Amble
A real-time language tuition agent that teaches through conversation, so you can learn a language by living it.
Overview
- Run a real-time voice streaming pipeline across speech-to-text, an LLM, and text-to-speech, stitched together to feel like a conversation with a patient and endlessly adaptive tutor.
- Analyse lessons to evaluate fluency and feed this forward into a personalised, evolving curriculum.
- Compound a user’s interests, ambitions, proficiency, previous lessons and conversation history into a context pipeline that is assembled alongside every conversation.
Stack
- WebRTC
- Pipecat
- STT
- LLM
- TTS
- Mem0
- Modal
- Neon
In 2025, we worked with Page Nineteen to create a new approach to language learning called Amble. We helped take Amble from an initial idea to a running beta in around 3 months, and then spent around the same time again refining the product whilst helping to build out a world class engineering team.
Building the Amble beta was pivotal in realising our own identity as a studio because it made us realise just how big the gap was between the capabilities of frontier AI models and building tools that improve people’s lives. Engineering a real-time conversational pipeline is a challenge in itself, but shaping that into a natural, intuitive experience proved to be a very delicate balance of product research, design and engineering.
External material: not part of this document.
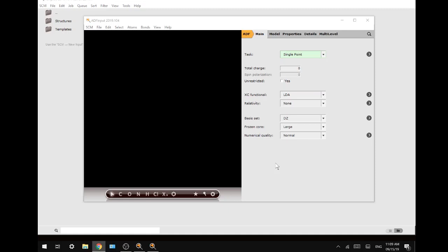Hello and welcome. Today we're going to do a new ADF tutorial on how to generate an IR spectrum and visualize the corresponding frequencies.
Language learning, designed around you
From the beginning, the goal for Amble wasn’t just to create a chatbot but to create a space where users could immerse themselves in culturally rich content they care about. Personalisation could occur through daily content (to read or listen to), conversational lessons with a realtime voice AI, and through retention (spaced, repetition learning that is tailored around a users history and progress).
Building from the ground up, we started by creating a voice agent with Pipecat that could stream audio in, pass it through STT (Speech-to-Text), LLM and TTS (Text-to-Speech), and give audio out again. Whilst end to end Speech-to-Speech models were available and growing in popularity, we chose to build our own in order to benefit from the increased control, observability and flexibility that comes with modular pipelines.
We then built out the infrastructure, and frontend, that would turn a voice agent into a language learning experience. On the backend this meant scaling compute instances, pre-warming the agent, and adding additional services for injecting memory, curriculum and lesson context that wouldn’t add any latency back in that we had worked so hard to remove in development. For the frontend it meant building a minimal and intuitive UI that encouraged natural conversation, using a WebRTC connection to stream audio in real time.

As the first few users hit the beta, we realised that language learning presented a unique set of challenges for realtime voice applications. Pausing mid sentence might be interpreted as finishing speaking, a bad pronunciation might be transcribed in a way that made the model look like it was hallucinating, or someone might decide to start their lesson during a noisy commute. Our agent had to account for all of this, and with audio being a continuous stream, no component in the pipeline could ever wait for another to fully complete.
Asynchronous engineering got us a long way with reducing latency and keeping things feeling relevant, but ultimately it was through re-examining fundamental assumptions that would take Amble from beta to polished product. In early versions, we automated turn taking, using turn-taking VAD model to detect when a user had finished speaking. But this would often confuse a learner pausing to think with one who had just finished their sentence, and instead of tuning the VAD thresholds the answer was actually to scrap turn taking entirely and move a to push-to-talk functionality. Likewise, we spent a lot of engineering resource early on finessing the users transcript in real time, but the decision to hide this in favour of more accurate processing and analysis would yield far better results for learners in the long run.

Amble sunset in June 2026 after helping over 10,000 users practice speaking in seven languages. If you’re interested in learning more about some of the thinking that went into Amble, Will’s essay is well worth the deep dive.
Ultimately, we reached the same conclusion - that although the conversation around AI is dominated by progress of the frontier models, the real work to be done is in developing our understanding of how people use them. Creating beautiful, useful, products requires a deep focus on how people think, what they need and where they struggle which will often counter our assumptions or go against the latest available technology.